→ What you will do: For this exercise, repeat exactly the lines below starting at the line holding "Fujifilm FinePix AX300 adatlap, vélemények" and ending at the line holding "Mary Alice Monroe - Terug", both included, with no extra lines and no pictures.

→ Dataset entries:
--- --- ---
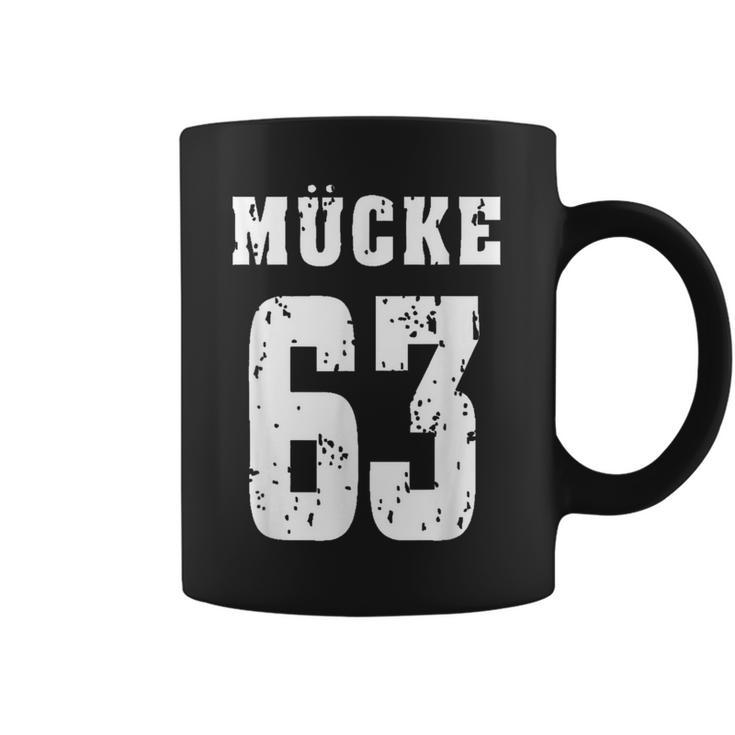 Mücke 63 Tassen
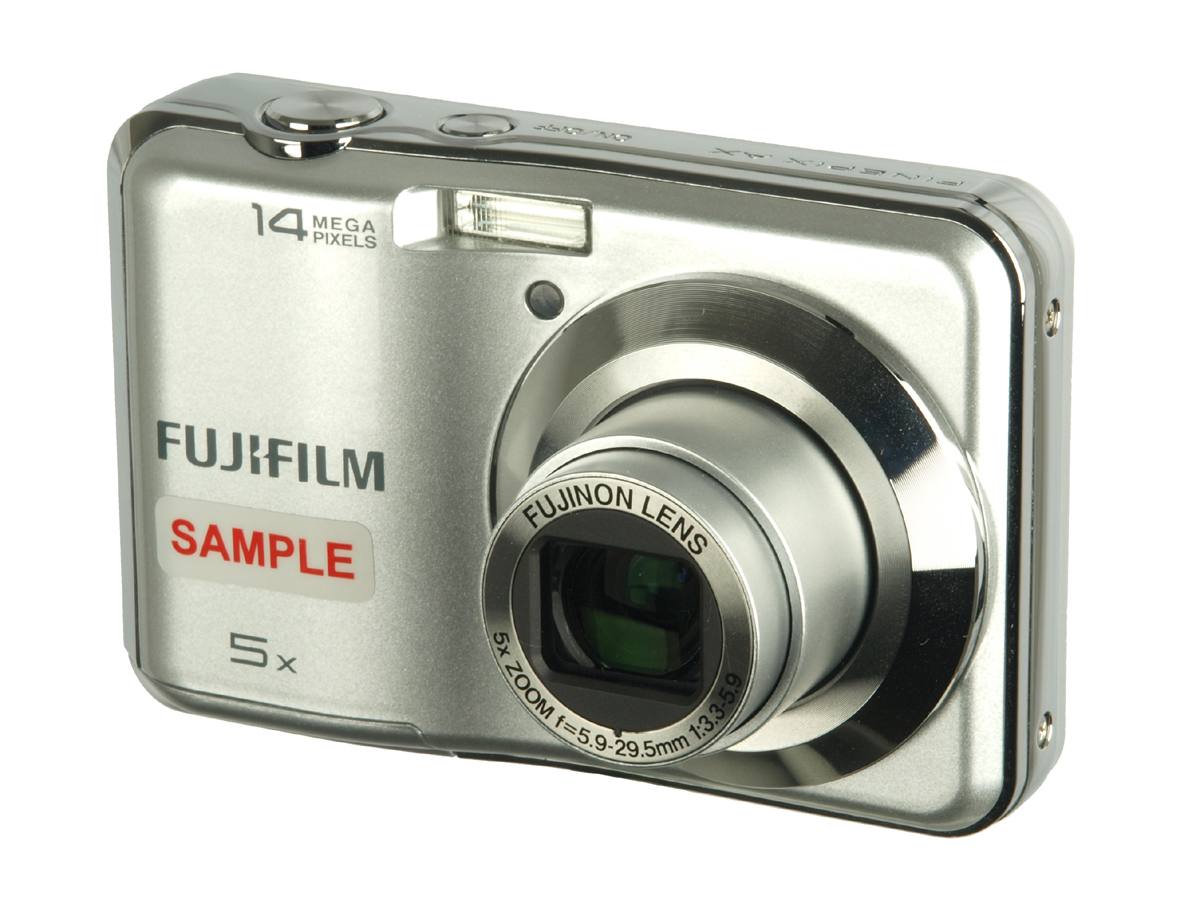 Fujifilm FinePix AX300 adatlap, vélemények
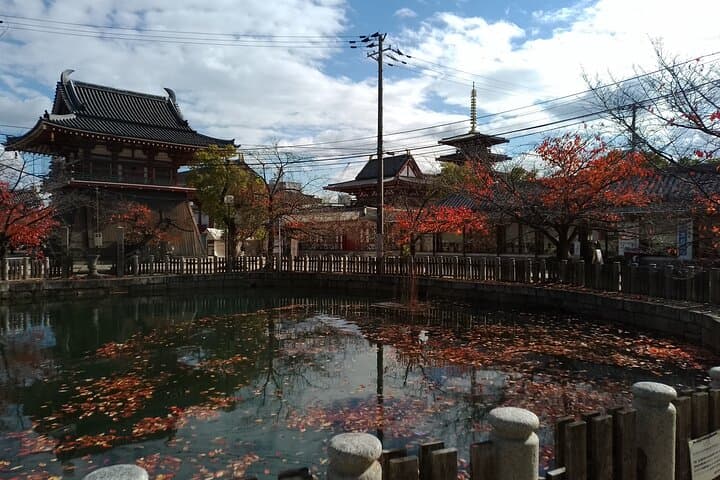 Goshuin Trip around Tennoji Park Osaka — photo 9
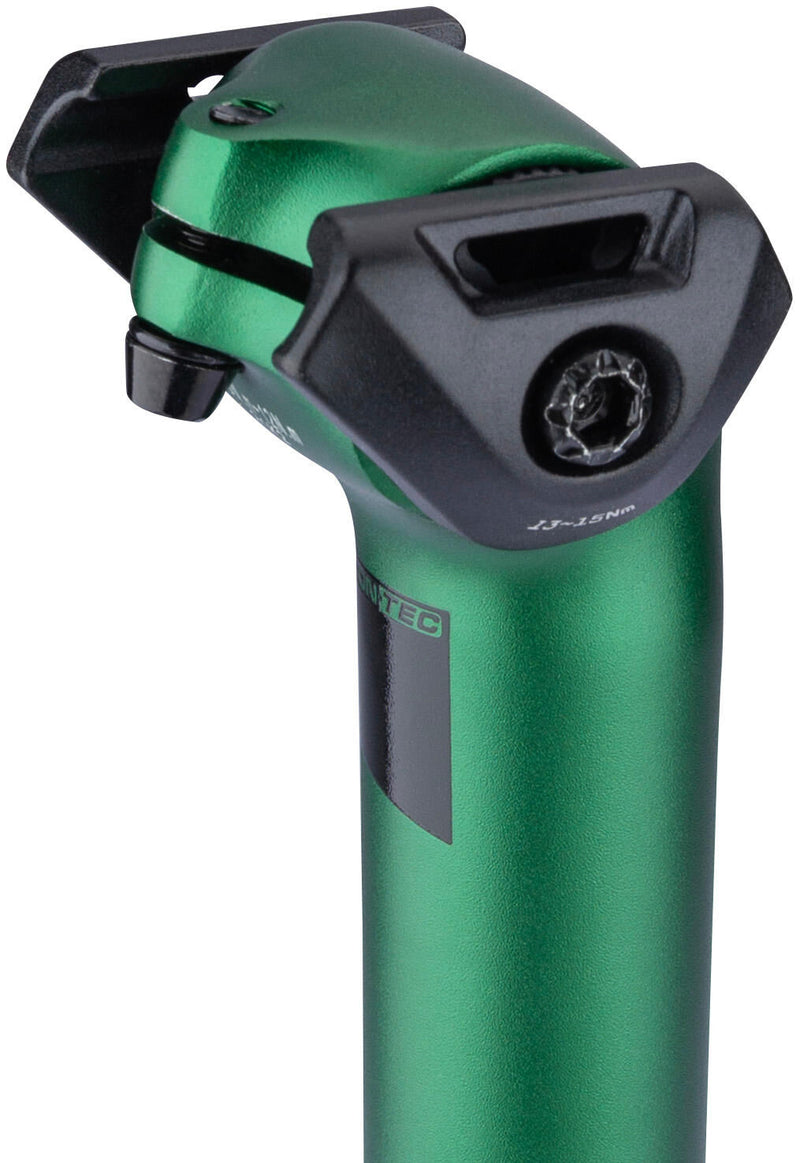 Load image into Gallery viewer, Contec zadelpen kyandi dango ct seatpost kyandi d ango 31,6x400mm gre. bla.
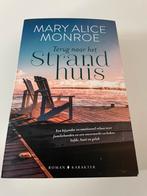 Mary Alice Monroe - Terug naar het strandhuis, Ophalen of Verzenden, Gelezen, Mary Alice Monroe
--- --- ---
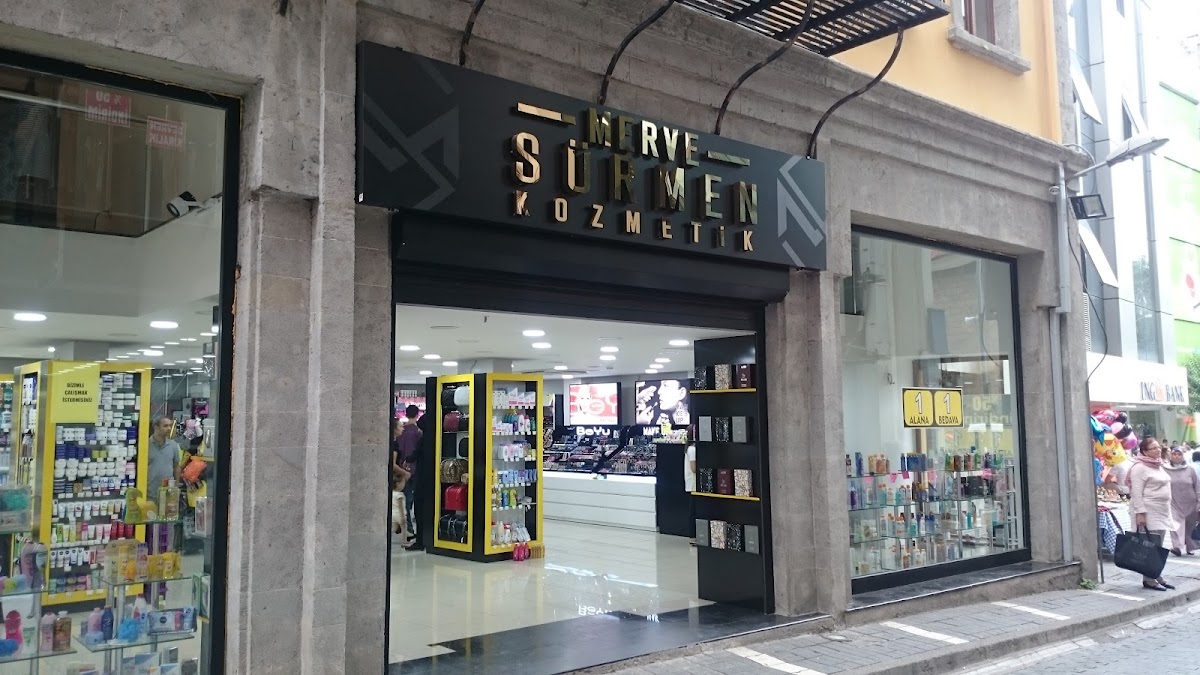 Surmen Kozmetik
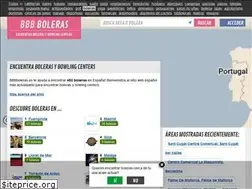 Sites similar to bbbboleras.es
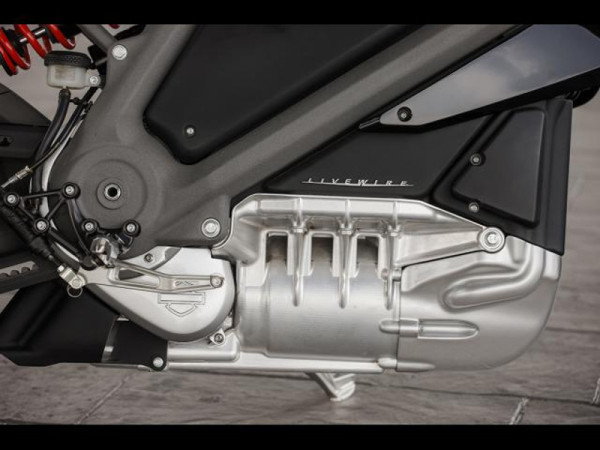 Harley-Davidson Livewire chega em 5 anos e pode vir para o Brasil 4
--- --- ---
→ Output below:
 Fujifilm FinePix AX300 adatlap, vélemények
 Goshuin Trip around Tennoji Park Osaka — photo 9
 Load image into Gallery viewer, Contec zadelpen kyandi dango ct seatpost kyandi d ango 31,6x400mm gre. bla.
 Mary Alice Monroe - Terug naar het strandhuis, Ophalen of Verzenden, Gelezen, Mary Alice Monroe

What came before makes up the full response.